E i conti – dice Salvini – li faremo dopo…
Senonchè- e un uccellino deve averlo sussurrato all’orecchio perfino a lui – quando saremo al “dopo” gli italiani avranno capito come – Draghi sì o Draghi no – si possa tranquillamente fare a meno di lui e della sua sodale Giorgia Meloni.
La comparsata in tv da Formigli ha messo in mostra un pugile suonato, spinto all’angolo da un giornalista che ha semplicemente fatto il suo mestiere che, come noto – cosa che, per la verità, non sempre succede – non contempla certo che si debba essere compiacenti con i potenti.

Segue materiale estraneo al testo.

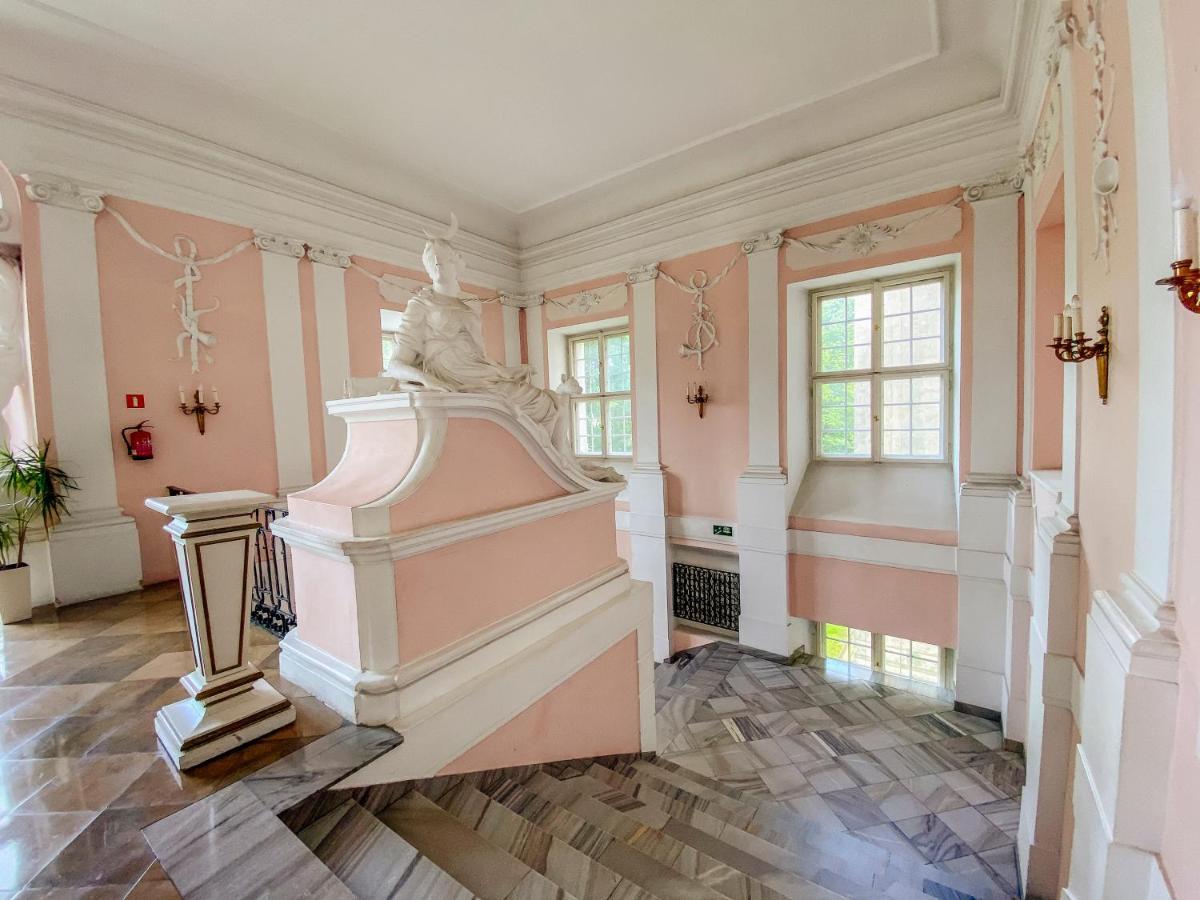 Hotel Zamek Krolewski W Rydzynie Rydzyna ภายนอก รูปภาพ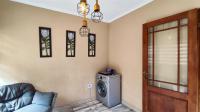 Rooms - 9 square meters of property in Castleview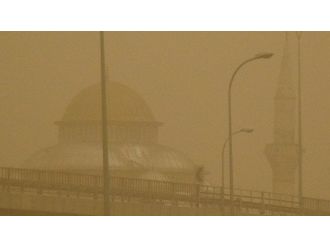 Hatay’ı Toz Bulutu Kapladı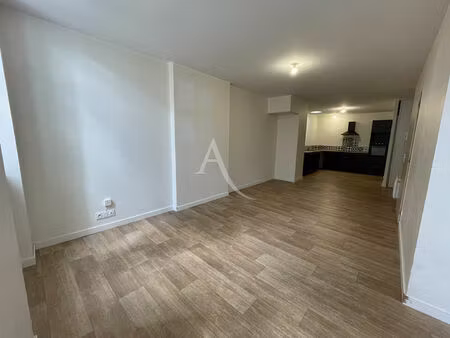 location appartement 2 pièces  52.50m²  villeneuve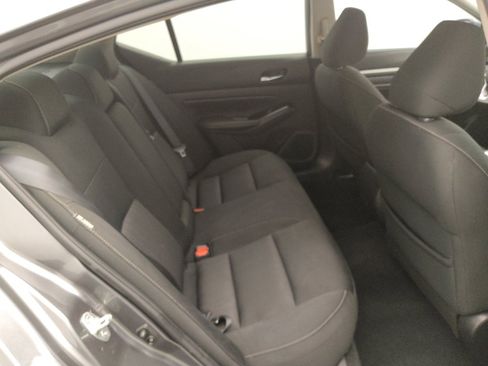 Used 2021 Nissan Altima 2.5 SV w/ SV Premium Package FWD image 19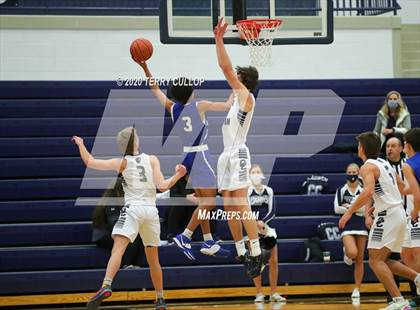 Thumbnail 2 in Pleasant Grove vs. Corner Canyon (CC Winter Invitational) photogallery.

Del resto, è interessante la cronologia delle dichiarazioni di Salvini per capire la natura e la portata del personaggio, che, d’altra parte, si evince bene dai suoi atteggiamenti politici generali, pur senza inseguire questi particolari minuti.
Ma è francamente incredibile che, appena istituita la “zona rossa” a Codogno, il leader della Lega – non uno qualunque, bensì oggi capo dell’opposizione che precedentemente, per oltre un anno, ha retto il Dicastero da cui dipende la sicurezza del Paese – abbia rilasciato le dichiarazioni riportate a “Piazza pulita”.
Come è possibile lamentare, con i toni imperativi e perentorii  ascoltati, le carenze di materiale, in particolare per la protezione personale degli operatori sanitari, da parte di un esponente politico che ha governato fino a ieri l’altro e, con il suo partito, per la gran parte dell’ultimo quarto di secolo?  Possibile che, ancora pochi mesi fa, nella foga di difendere il fronte esterno, i confini del Paese dall’orda dei migranti, non sia accorto che era necessario attrezzare anche il fronte interno?
Peraltro, se uno dei maggiori leader del Paese si permette di sbeffeggiare ed irridere un provvedimento urgente e drammatico del governo – quali le restrizioni drastiche imposte a undici comuni lombardi – perché gli italiani, a cominciare dal popolo leghista, dovrebbero prendere la cosa sul serio?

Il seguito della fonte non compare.